- Oral presentation
- Open Access
Positron Emission Tomography (PET) utilizing Pittsburgh compound B (PIB) detects amyloid heart deposits in hereditary transthyretin amyloidosis (ATTR).
© Pilebro et al. 2015
- Published: 2 November 2015
- Positron Emission Tomography
- Cardiac Involvement
- Cardiac Amyloidosis
- Cardiac Amyloid
Severe cardiac involvement in hereditary V30M transthyretin (TTR) amyloidosis (ATTRV30M) has been linked to amyloid containing fragmented TTR, fibril type A and “early onset” mainly neurological disease to fibrils containing only full length TTR, type B. A number of different modalities to diagnose for cardiac imaging amyloid deposition in the heart have been developed, but so far, none have been proven to specifically identify cardiac amyloid deposits in ATTR. Positron emission tomography (PET) using the tracer Pittsburgh compound B (11C-PIB) has been shown to identify cardiac amyloidosis in a small pilot. The aim of this study was to evaluate the accuracy of PIB-PET identify cardiac amyloidosis in all patients with ATTR.
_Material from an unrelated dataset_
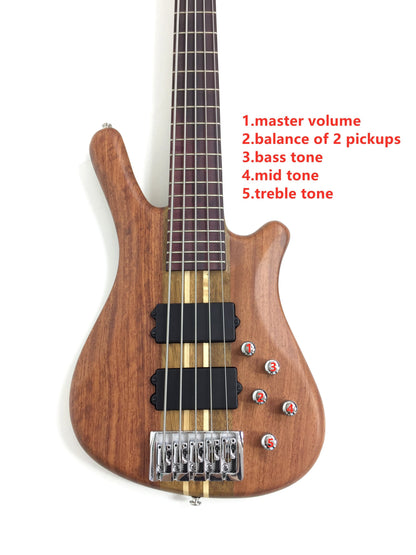 Haze 5-String Active Humbucker Padauk Wood WR Electric Bass Guitar - Natural SBG368N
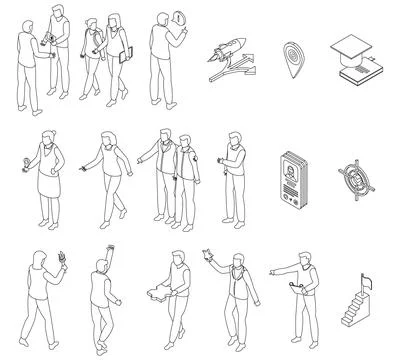 Mentor icons set vector outline Stock Illustration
Ten patients with ATTRV30M, five with each type of amyloid fibril composition, selected on criteria of having no or mild cardiac involvement, underwent 11C-PIB PET. The results were compared to results from 99Tc-DPD scintigraphy and echocardiography.
All patients had pathological 11C-PIB uptake but the pattern of uptake differed between the two groups. Patients with type B fibrils had significantly higher 11C-PIB retentions index (RI) than those with type A fibrils. Inversely, all patients with type A and none with type B fibrils had pathological 99Tc-DPD uptake. No significant differences in echocardiographic measurements were observed.
11C-PIB PET identifies presence of ATTR amyloid in all patients and strengthens the argument that the fragmentation of TTR is central in the pathogenesis of ATTR cardiomyopathy. The higher 11C-PIB RI seen in patients with type B fibrils could be explained by better microcirculation or amyloid deposition pattern in the heart tissue. This phenomenon severely limits the usefulness of the method for quantifying amyloid burden.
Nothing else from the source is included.